In the previous tutorial, we discovered how to let OSPF dynamically configure routing inside a network. This tutorial provides an introduction to another routing protocol, which is BGP, the Border Gateway Protocol. As the name implies, this protocol acts on the border of a network. Where OSPF is well suited to keep track of all tiny details of what's happening in our internal network, BGP will be talking to the outside world to interconnect our network with other networks, managed by someone else.

BGP Essentials

When routers talk BGP to each other, they essentially just claim that network ranges are reachable via them:

BGP network, barebones

Let's look at the same picture again, hiding less information:

BGP network, less simplified

The picture shows two networks, which are interconnected through router R3 and R10.

  • A complete network under control of somebody has an AS (Autonomous System) number. This number will be used later in the BIRD BGP configuration.
  • The routes that are published to another network are as aggregated as possible, to minimize the amount of them. While the internal routing table in for example AS64080 might contain dozens of prefixes, for each little vlan, and probably a number of single host routes (IPv4 /32 and IPv6 /128), they're advertised to the outside as just three routes in total.
  • If neighbouring routers between different networks are directly connected, they often interconnect using a minimal sized network range. For IPv4, this is usually a /30 and for IPv6 a /120 or a /126 prefix, containing only the two routers. In the example above, the small network ranges are taken from the network of AS64080.

OSPF vs. BGP

While the title of this section might seem logical, since we're considering BGP after just having spent quite some time on OSPF, it's actually a non-issue. OSPF and BGP are two very different routing protocols, which are used to get different things done. Nonetheless, let's look at some differences:

OSPF:

  • Routes in the network are originated by just putting ip addresses on a network interface of a router, and letting the routing protocol pick them up automatically.
  • The routes in OSPF are addresses and subnets that are actually in use.
  • Every router that participates in the OSPF protocol has a full detailed view on the network using link state updates that are broadcasted over the network.

BGP:

  • Routes that are published to other networks are "umbrella ranges", which are as big as possible and are defined manually.
  • There is no actual proof that the addresses which are advertised are actually in use inside the network.
  • A neighbour BGP router knows that some prefix is reachable via another network, but where OSPF shortest path deals with knowledge about all separate routers, paths and weights, BGP just looks on a higher level, the shortest path, considering a complete network (AS) being one step.

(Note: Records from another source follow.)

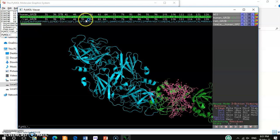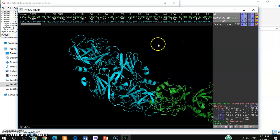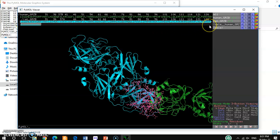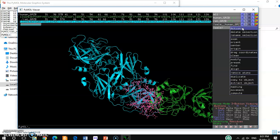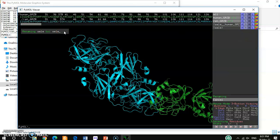This one part is already selected. For the other structure, that is rat granzyme B, I also want to select that part. Then hit the action button, go to 'rename selection', and in the box that appears, write 'rat granzyme B'.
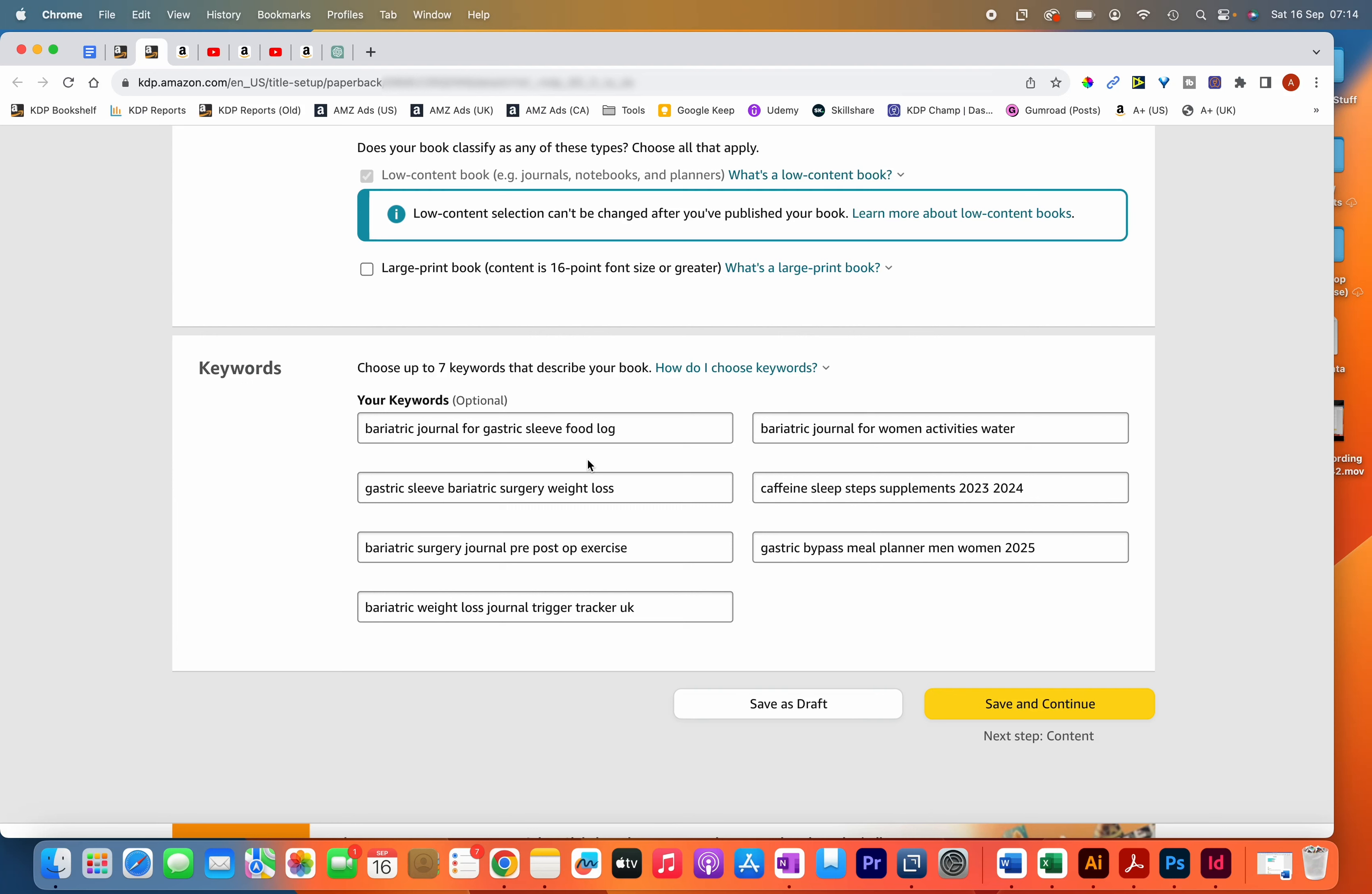In this video, I'm going to show you how I fill out the seven keyword boxes nowadays for my books. I've already created a video on the seven keyword boxes over a year ago, and this is just an updated video. I'm going to show you a couple of tweaks I make nowadays when it comes to filling in the boxes.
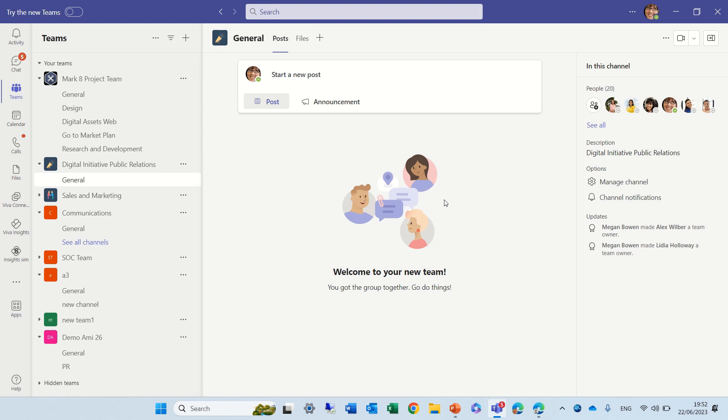Hello everyone, this is Ami Diamond. In this episode I'd like to show you how you can remove the owner from a Teams team.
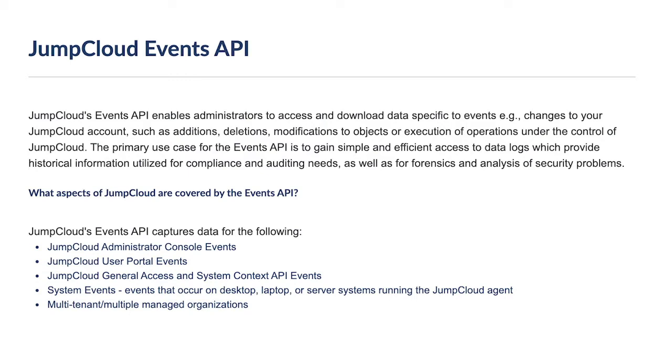The primary use case for the Events API is to gain simple and efficient access to data logs which provide historical information utilized for compliance and auditing needs.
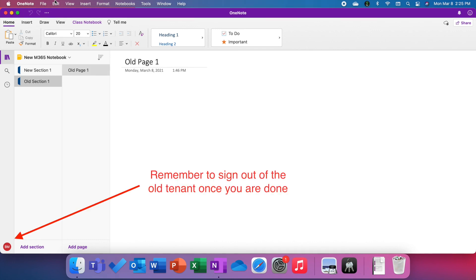Once you've finished moving sections to your new notebook that's saved on the new tenant, be sure to sign out of the old tenant. You can do that by going to the settings menu in the bottom left corner that we accessed at the start of the video and sign out of the old tenant.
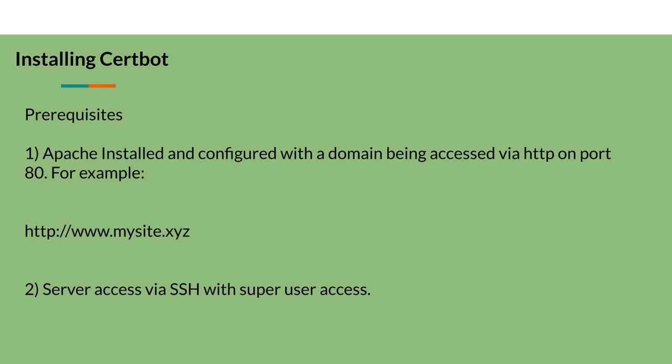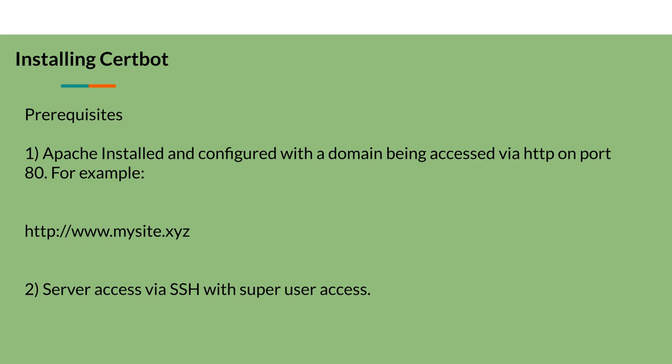Before starting the installation, you must ensure that the following prerequisites are in place. First, ensure that the Apache server is installed and configured with a domain being accessed via HTTP on port 80, such as www.mysite.xyz. Also, if you have UFW firewall enabled, it must be set to allow HTTPS traffic. The second important prerequisite is that you have super user level server access via SSH. Given these prerequisites, we can move on to the next steps.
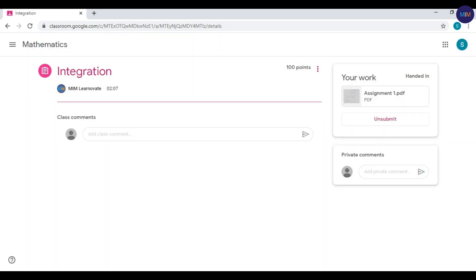Now your assignment has been submitted successfully. Hope you liked this video — stay tuned for more videos.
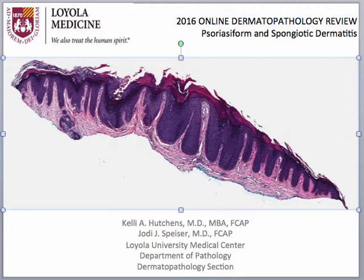Hi, this is Jodi Spizer at Loyola University Medical Center. Welcome to our mini video tutorial for our online dermatopathology review. Today we will be discussing the psoriasiform and spongiotic dermatitis differential diagnosis.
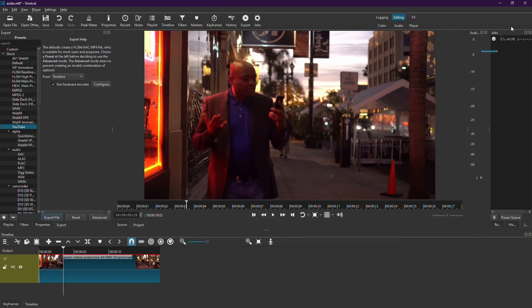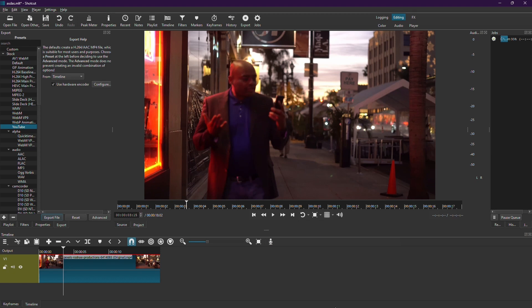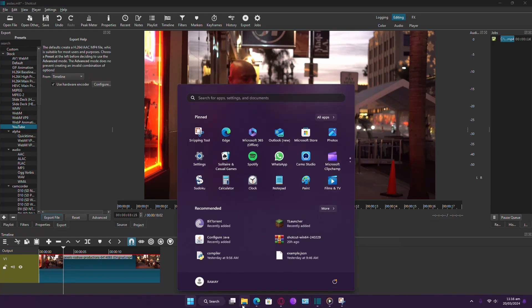ShotCut will begin exporting your video and you'll see the progress indicated by a percentage. Once it reaches 100%, your export will be complete.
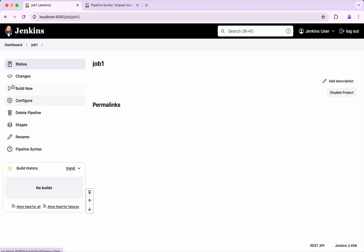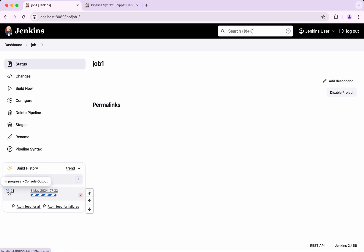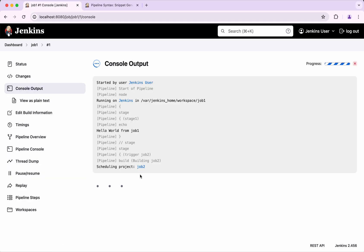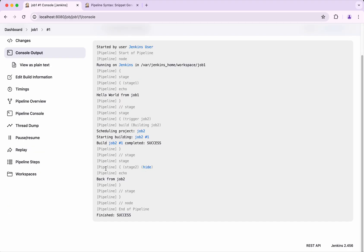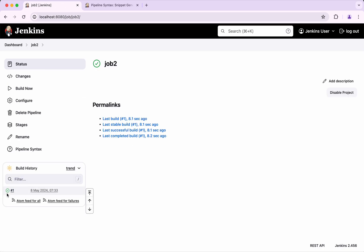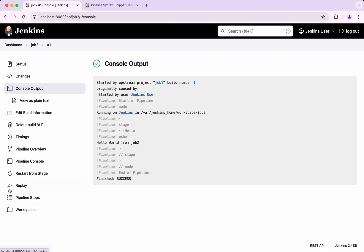I am going to build now. We can see Job 1 is running. It is scheduling Job 2, and Job 2 completed — it is back from Job 2. Let's check Job 2 — here we can see it has printed hello world from Job 2. All good.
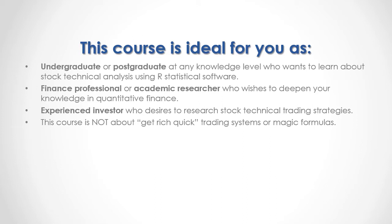It's very important to remember that this course is not about get-rich-quick trading systems or magic formulas.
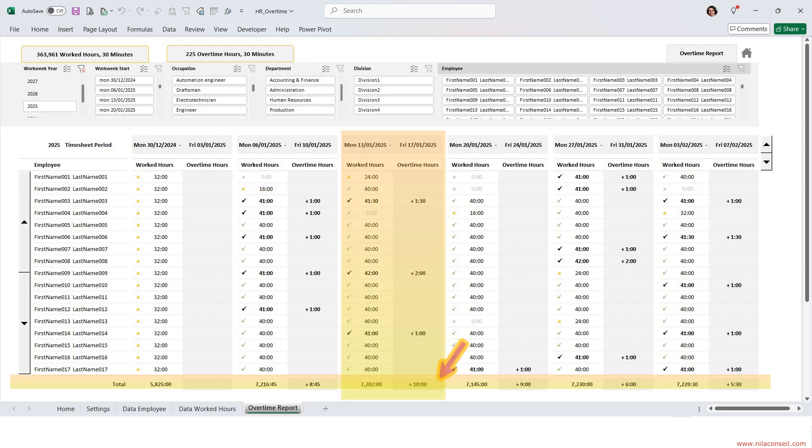During the week of January 13, the company required its employees to work 10 hours of overtime.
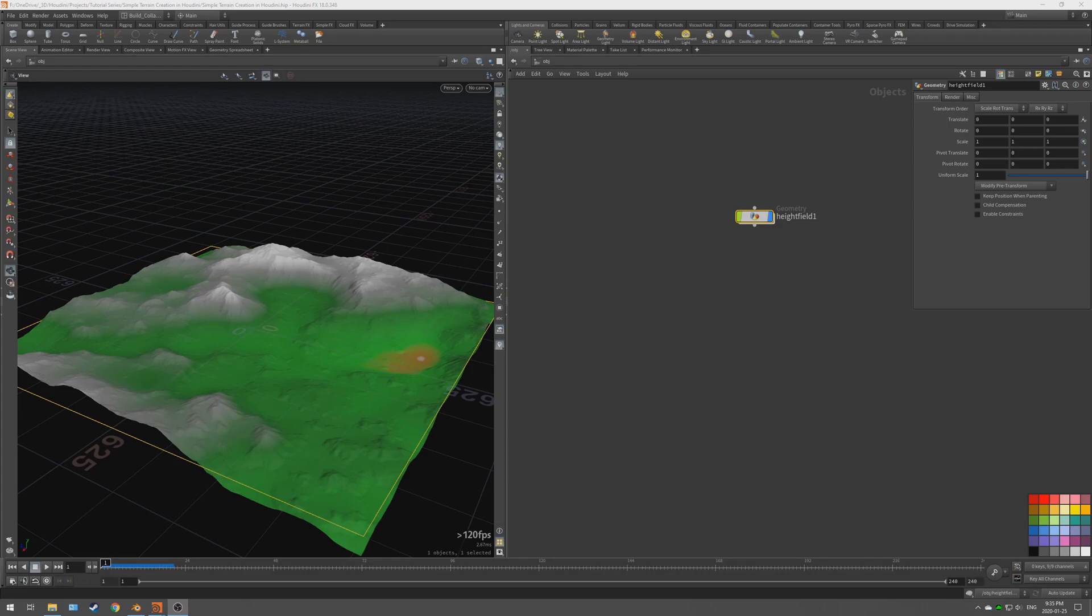Hey guys, today we're going to be looking at creating a terrain in Houdini. We're going to be exporting that terrain out to Blender as an image file that Blender can import and read as a displacement map.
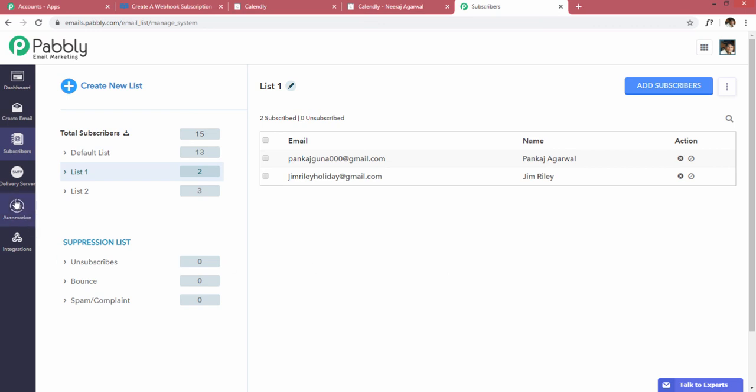An interesting benefit is that you can now build an email automation sequence inside Pabbly Email Marketing. Any person added to this list can automatically receive a drip sequence you've created — about your service, product, or business information. Connecting Calendly and Pabbly Email Marketing together is really amazing and will take less than 10 minutes following this video step by step. I'm sure you will love this integration and start using it in your business. Thank you for watching.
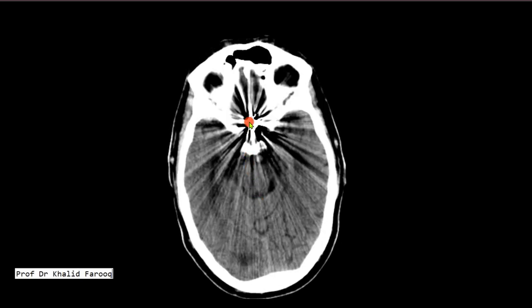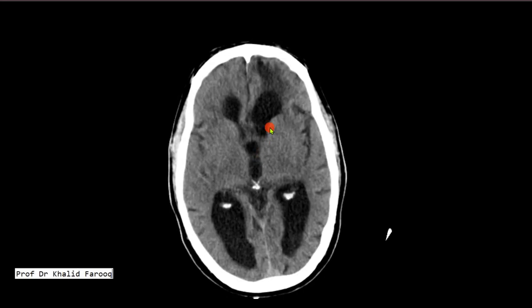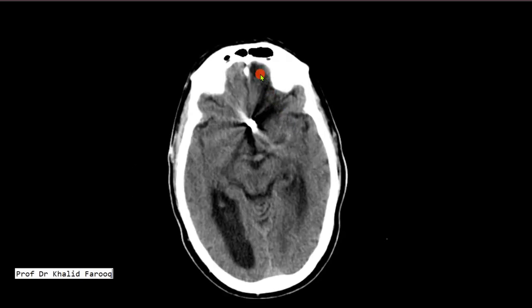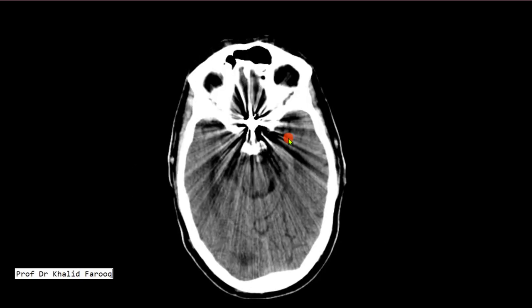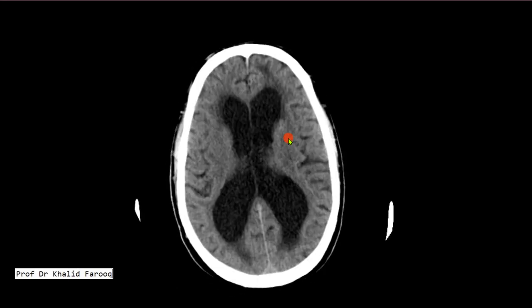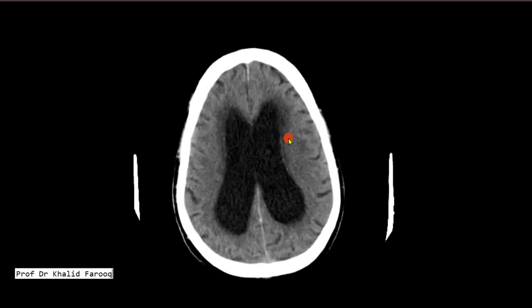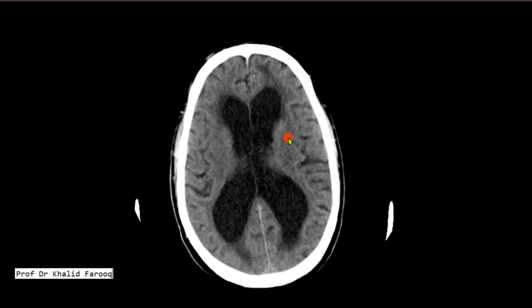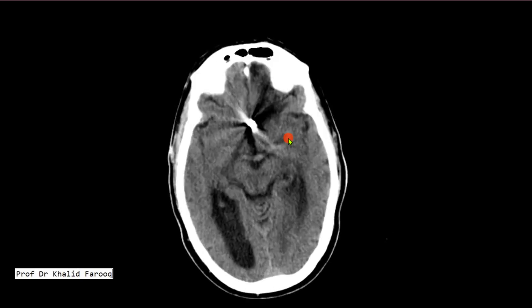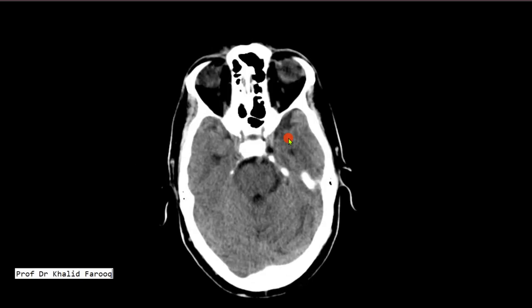There is a metallic artifact because of previous clipping of an ACOM aneurysm, while low-density brain parenchyma is seen along the anterior inferior aspect of the left frontal lobe — possibly the sequelae of previous intervention, favoring gliotic changes.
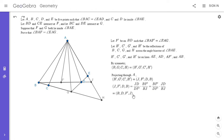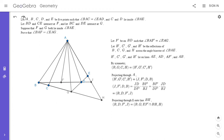Now I project the four points B, D, F', J through point E back onto line BH. Under this projection, B stays at B, D maps to G, F' maps to some unknown point (call it EF' ∩ BH), and J maps to H. So the cross ratio (B, D; F', J) equals the cross ratio (B, G; EF'∩BH, H).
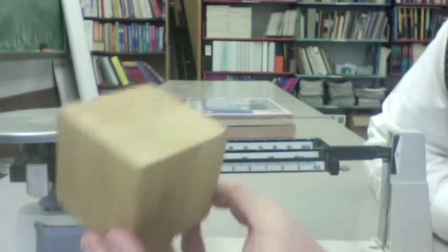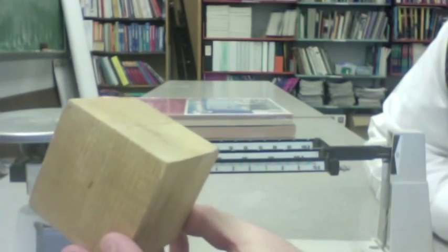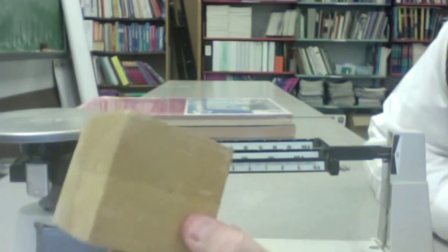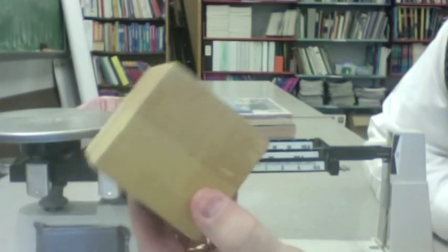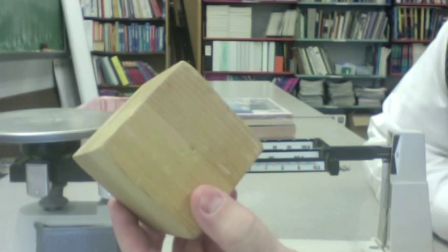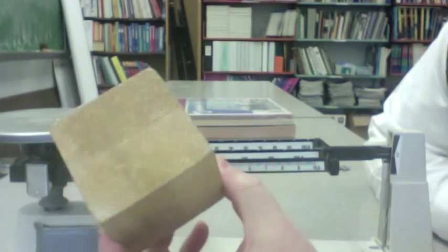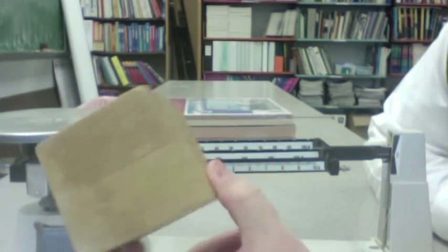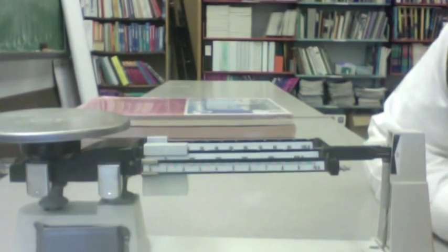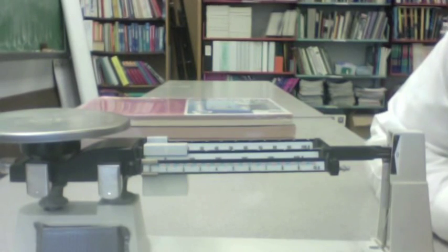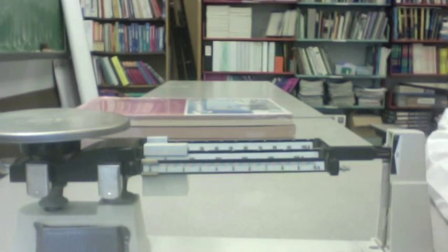My goal is to measure the mass of this block. I want to know how much stuff there is here. And to do so, I'm going to use a tool called a triple beam balance. This is my triple beam balance.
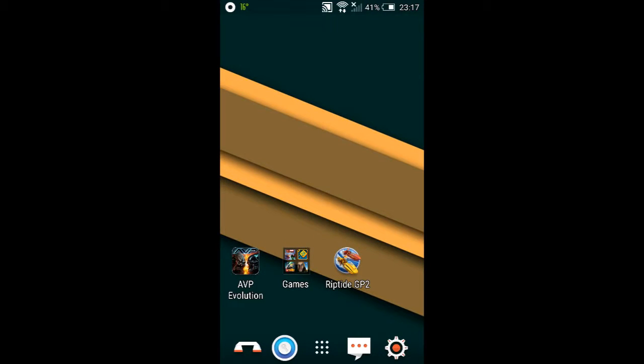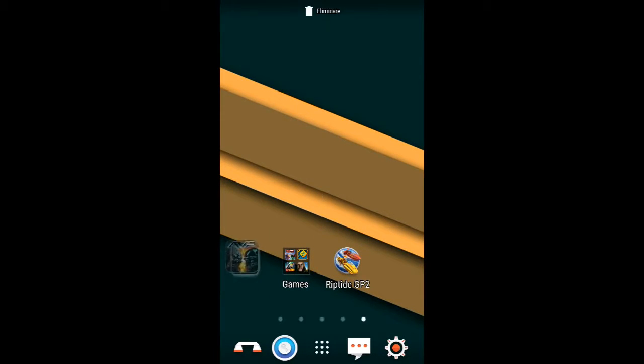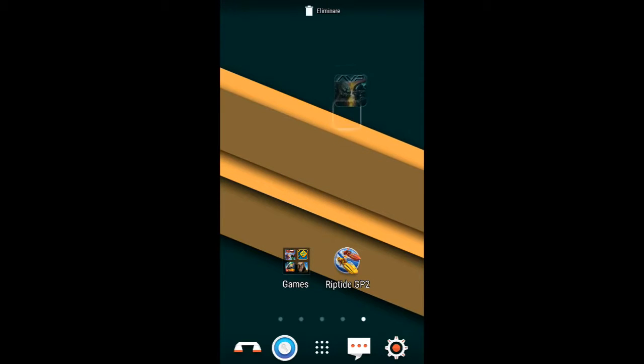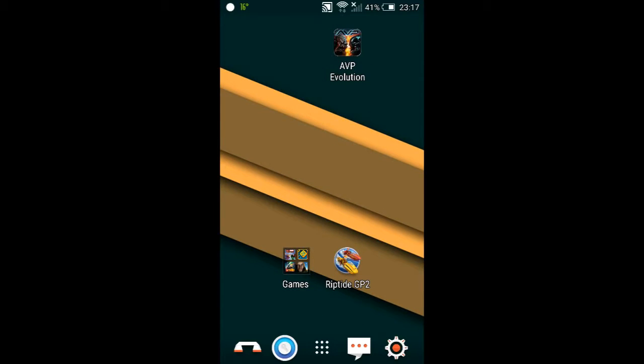Hello guys! Today I am going to show you how to download AVP Evolution on Android for free.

So, OSPF is an IGP (Interior Gateway Protocol) and BGP is an EGP (Exterior Gateway Protocol). BGP can connect OSPF networks to each other, hiding a lot of detail inside them.

BGP and OSPF with BIRD: Setting up the containers and networks

In the second half of this tutorial we'll configure a network, using OSPF, BGP and the BIRD routing software. BGP wise, it's kept simple, using just a single connection between two networks.

BGP and OSPF network

It's starting to look serious now! Thankfully, most of the configuration is provided already, so we can quickly set up this whole network using our LXC environment. Just like in the previous tutorial, the birdbase container can be cloned, after which the lxc network information and configuration inside the containers can be copied into them.

  1. Clone this git repository somewhere to be able to use some files from the bgp-intro/lxc/ directory inside.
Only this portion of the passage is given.